- Short text fragments from websites:
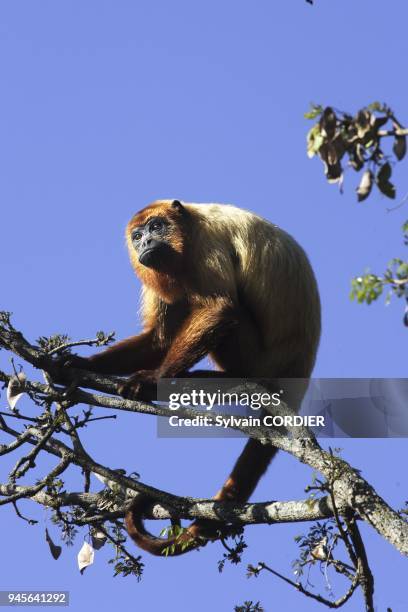 Singe hurleur brun Brown Howler Monkey Alouatta fusca .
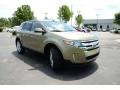 2013 Ginger Ale Metallic Ford Edge Limited  photo #3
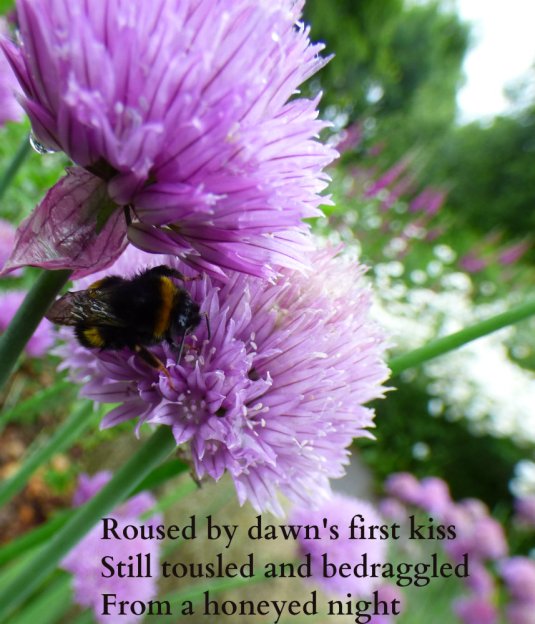 Roused by dawn's first kiss Still tousled and bedraggled From a honeyed night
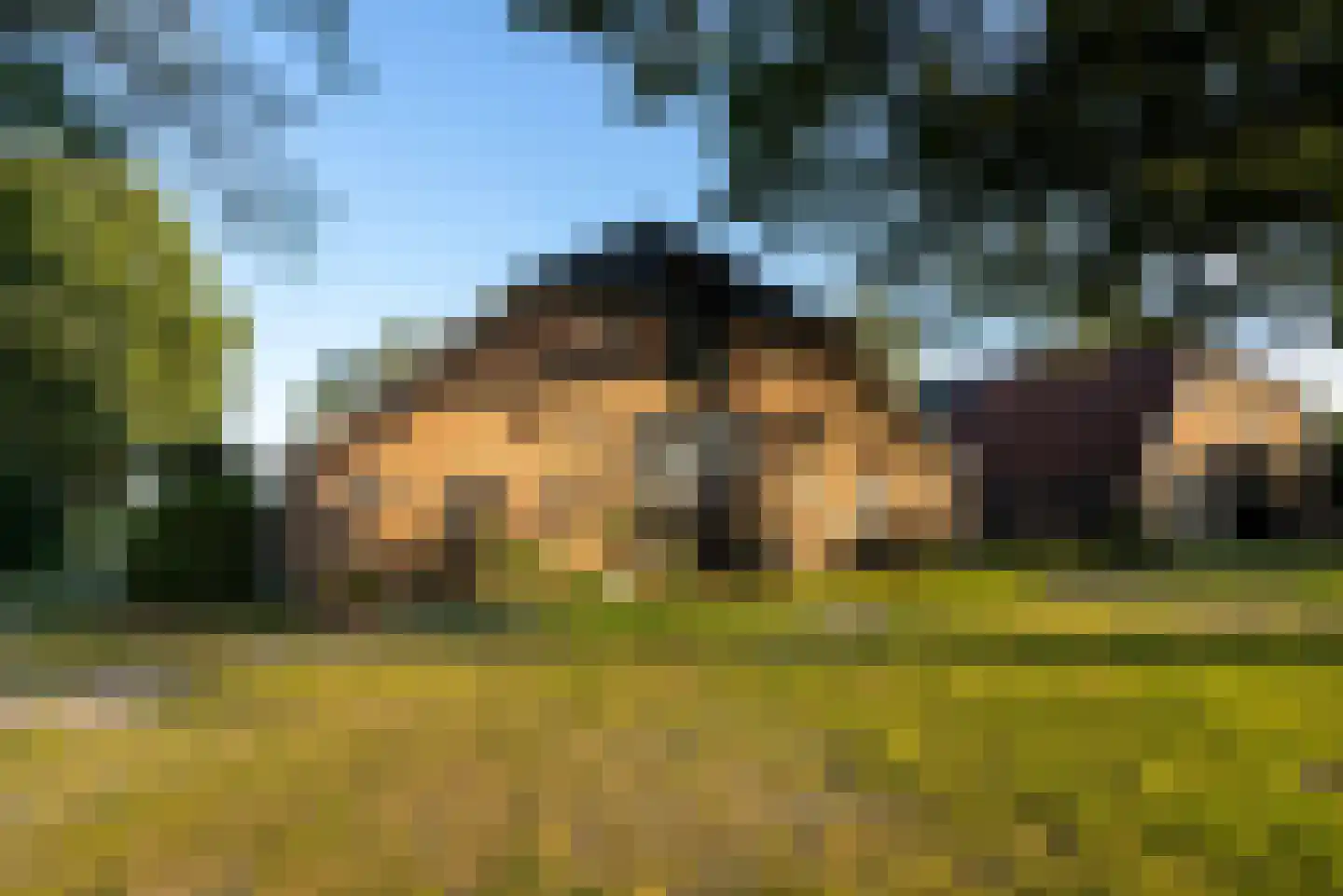 Borculoseweg 112 Neede thumbnail 86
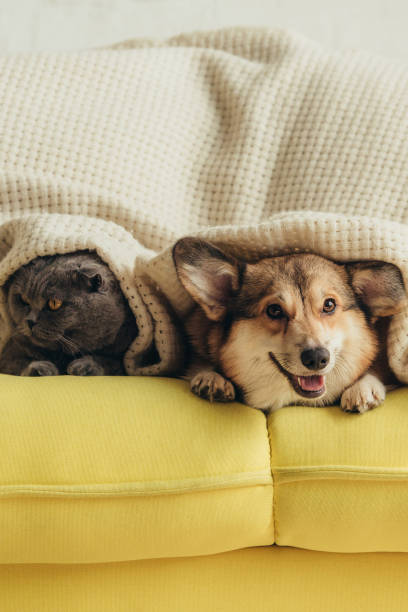 istock scottish fold cat and welsh corgi dog lying under blanket on sofa 1044929486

- WORK REQUIRED:
Could you retype the records above exactly, omitting the pictures?

- TASK SOLUTION:
 Singe hurleur brun Brown Howler Monkey Alouatta fusca .
 2013 Ginger Ale Metallic Ford Edge Limited  photo #3
 Roused by dawn's first kiss Still tousled and bedraggled From a honeyed night
 Borculoseweg 112 Neede thumbnail 86
 istock scottish fold cat and welsh corgi dog lying under blanket on sofa 1044929486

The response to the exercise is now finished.